Exclude the pictures, then copy word for word the lines running from the beginning of the records through the line with "Building debris is".

[Stored items]
+ + +
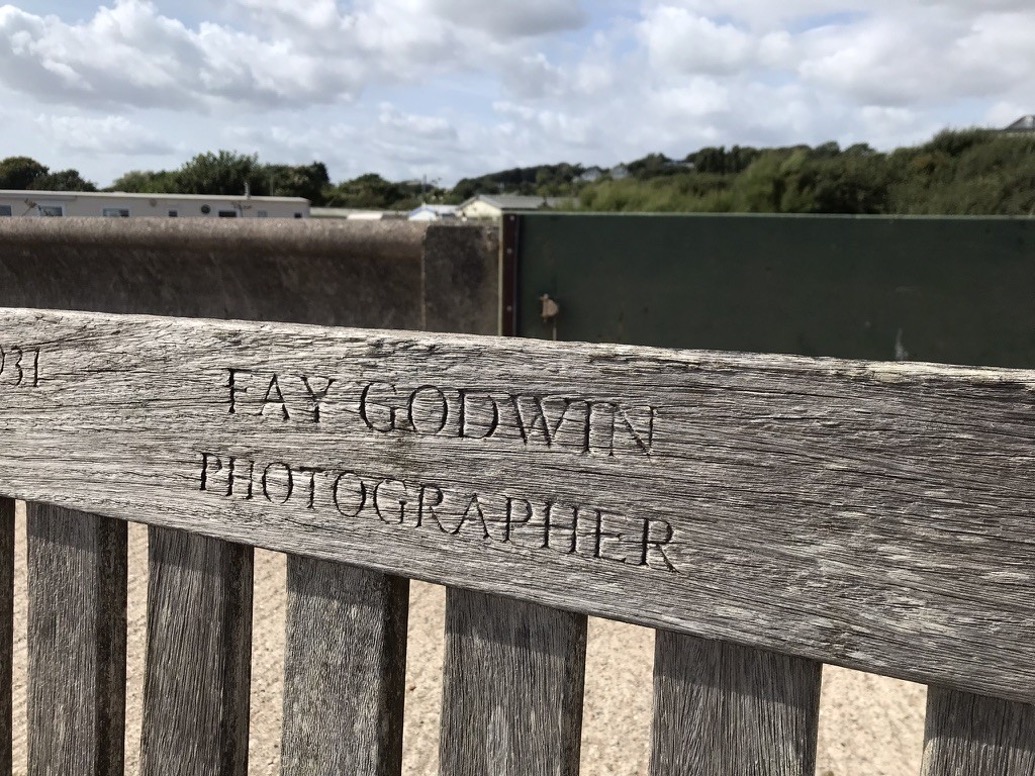 Close up photo of a wooden bench with the inscription "Fay Godwin, Photographer" in capital letters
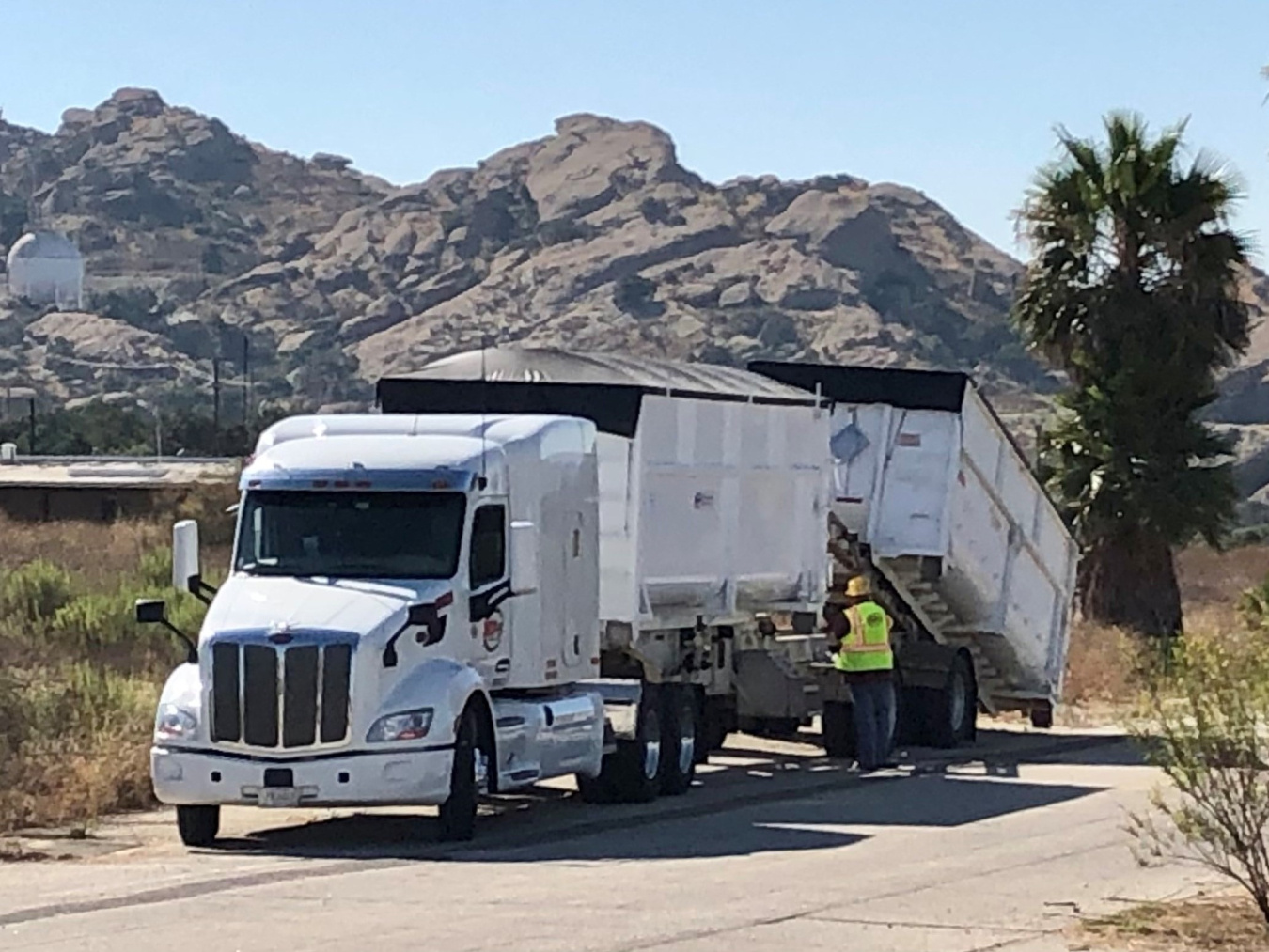 Building debris is loaded onto a truck to be hauled off-site for disposal.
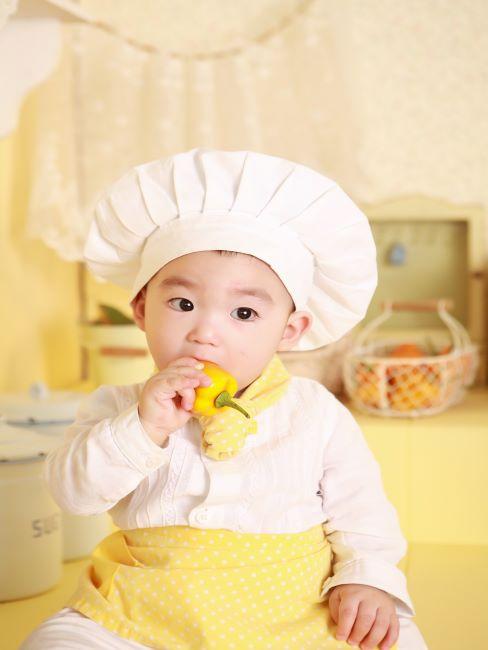 repas pour enfant petit garcon habille en chapeau blanc de chef en tablier jaune train de manger du poivron jaune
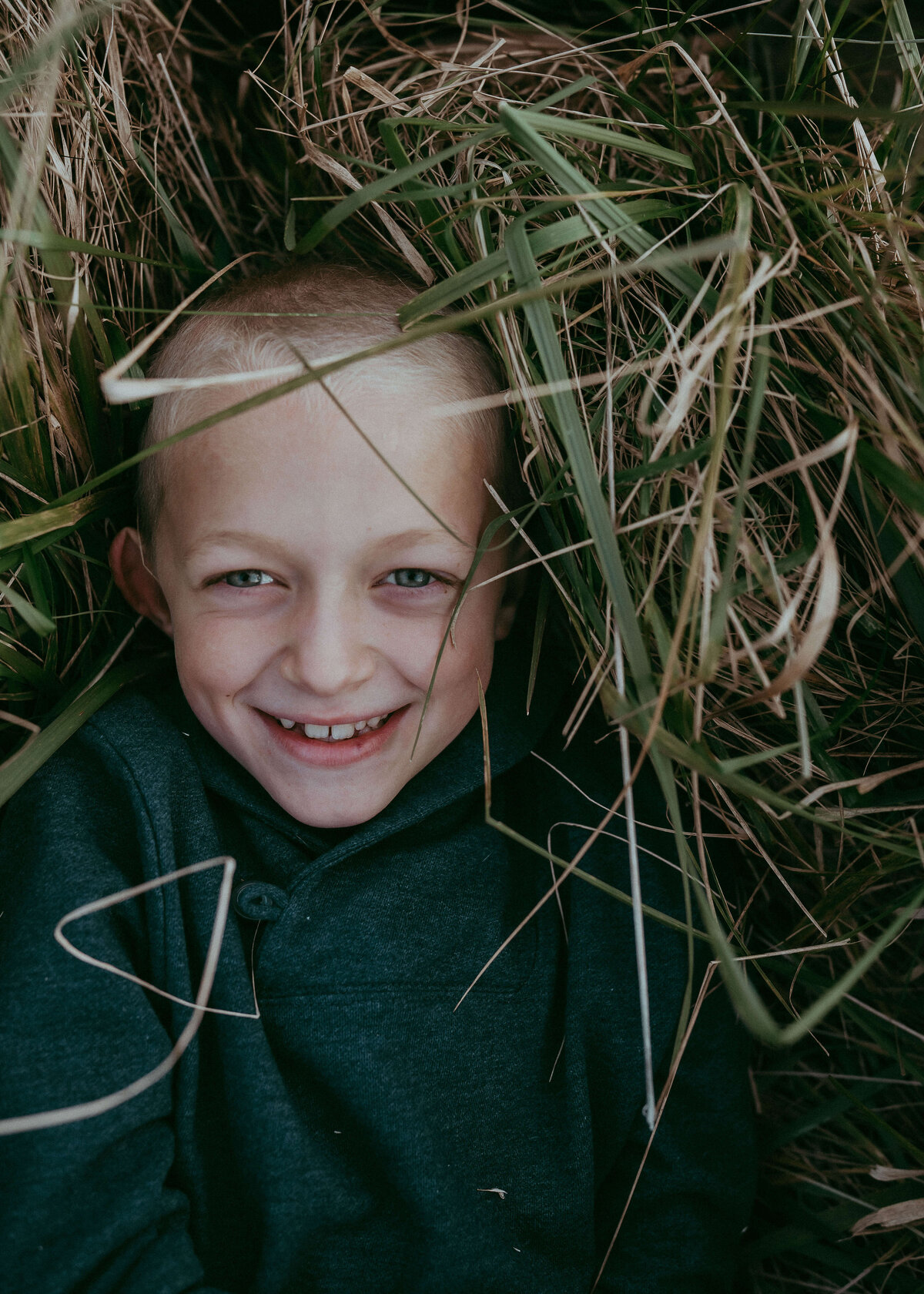 A young fair skin blonde hair boy grins at the camera while wearing a navy blue shirt and being enveloped by the tall grass as he's laying in.
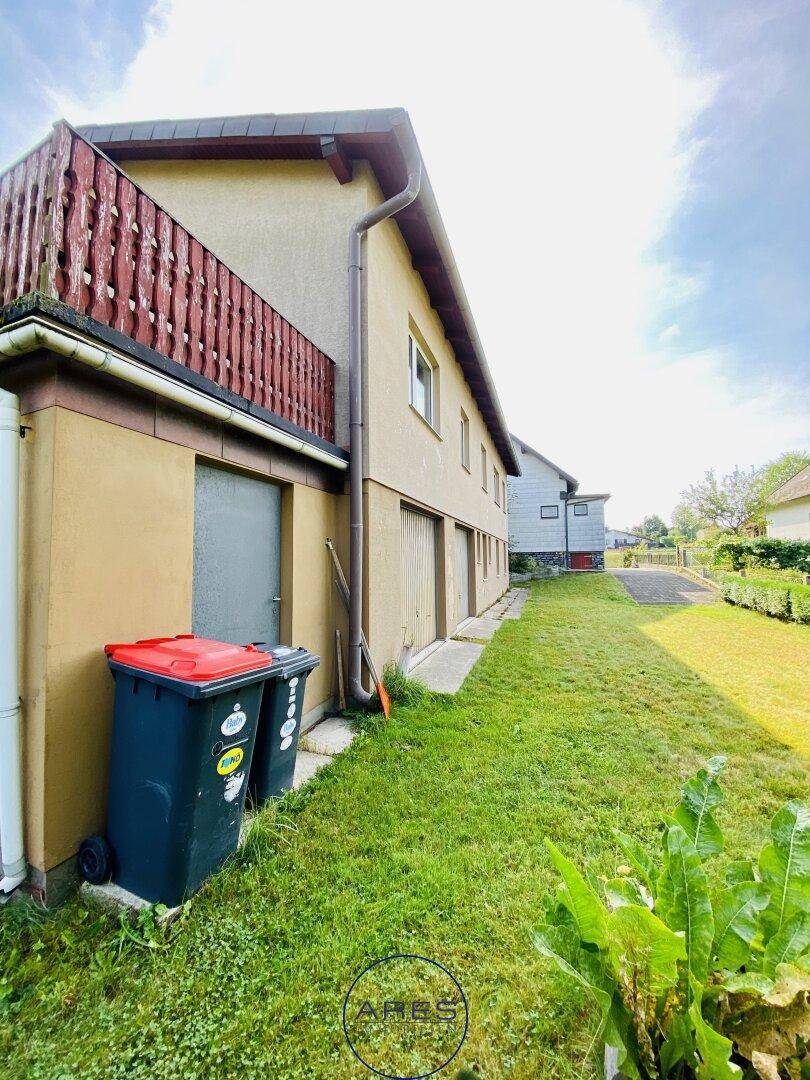 Seitenansicht des Hauses mit Balkon, Rasenfläche und Mülltonnen am Gebäude.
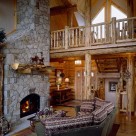 Log home greatroom with sectional couch facing large stone fireplace, Cathedral ceilings with open loft supported by log post and beams and log raings along the edge of loft.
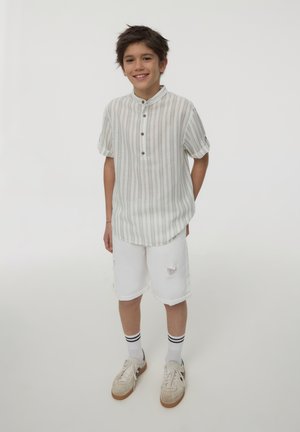 Camicia a maniche corte con lievi righe e colletto abbottonato, abbinata a pantaloni corti bianchi al ginocchio con bordi sfilacciati. Footwear chiaro e calze a righe.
+ + +
§ **TASK RESULT**:
 Close up photo of a wooden bench with the inscription "Fay Godwin, Photographer" in capital letters
 Building debris is loaded onto a truck to be hauled off-site for disposal.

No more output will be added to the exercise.